Task 1. The researcher obtained r = 0.42 (p = 0.003, n = 48) between the number of hours of sleep and academic performance. Interpret the result: determine the strength of the correlation according to Cohen, calculate r² and explain its meaning. Solution: moderate positive correlation; r² = 0.176, that is, about 17.6% of the variation in performance is explained by the number of hours of sleep. The relationship is statistically significant (p < 0.05).

Task 2. In the study, a strong positive correlation (r = 0.78) was found between the number of fire engines arriving at the site and the amount of fire damage. Can we conclude that fire engines increase the damage? Solution: no, this is an example of spurious correlation.
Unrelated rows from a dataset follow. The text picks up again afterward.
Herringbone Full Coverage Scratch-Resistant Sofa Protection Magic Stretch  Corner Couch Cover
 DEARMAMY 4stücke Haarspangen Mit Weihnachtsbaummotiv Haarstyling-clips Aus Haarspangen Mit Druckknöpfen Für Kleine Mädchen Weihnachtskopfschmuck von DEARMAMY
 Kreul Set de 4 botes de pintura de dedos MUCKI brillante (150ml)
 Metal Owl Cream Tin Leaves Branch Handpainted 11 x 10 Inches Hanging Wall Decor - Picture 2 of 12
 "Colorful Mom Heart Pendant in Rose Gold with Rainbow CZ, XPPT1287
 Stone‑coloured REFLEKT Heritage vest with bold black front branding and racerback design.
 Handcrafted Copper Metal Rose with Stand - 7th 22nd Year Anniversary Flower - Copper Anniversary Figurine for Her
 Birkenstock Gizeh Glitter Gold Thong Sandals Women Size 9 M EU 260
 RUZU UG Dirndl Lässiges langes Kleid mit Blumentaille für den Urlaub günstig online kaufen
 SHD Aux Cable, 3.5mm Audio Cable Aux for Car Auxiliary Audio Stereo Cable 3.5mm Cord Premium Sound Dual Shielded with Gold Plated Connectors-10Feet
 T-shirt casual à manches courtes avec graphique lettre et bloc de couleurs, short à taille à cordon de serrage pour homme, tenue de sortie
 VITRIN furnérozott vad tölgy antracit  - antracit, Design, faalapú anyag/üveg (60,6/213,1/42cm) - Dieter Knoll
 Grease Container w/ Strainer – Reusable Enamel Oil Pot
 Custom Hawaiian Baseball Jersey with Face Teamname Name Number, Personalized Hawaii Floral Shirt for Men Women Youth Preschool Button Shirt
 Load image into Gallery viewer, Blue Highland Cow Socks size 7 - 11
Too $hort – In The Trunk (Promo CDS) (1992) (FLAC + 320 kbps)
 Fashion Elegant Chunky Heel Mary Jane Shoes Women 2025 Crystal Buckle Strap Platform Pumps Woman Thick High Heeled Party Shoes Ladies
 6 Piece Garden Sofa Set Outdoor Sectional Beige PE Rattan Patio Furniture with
A third variable — the scale of the fire — influences both: large fires require more engines and cause more damage.

Task 3. According to regression analysis, the equation obtained is: Score = 45.2 + 3.1 × Preparation_Hours (R² = 0.38, p < 0.001). Interpret: (a) the value of the constant, (b) the regression coefficient, (c) R². Solution: (a) with zero preparation, the expected score is 45.2 points; (b) each additional hour of preparation is associated with an increase of 3.1 points in score; (c) the model explains 38% of the variation in scores.

Task 4. The researcher wants to study the relationship between gender (male/female) and preference for learning format (online/offline). Which statistical test should be used and why? Solution: chi-square test, since both variables are categorical (nominal). Pearson or Spearman correlation are not suitable for nominal data.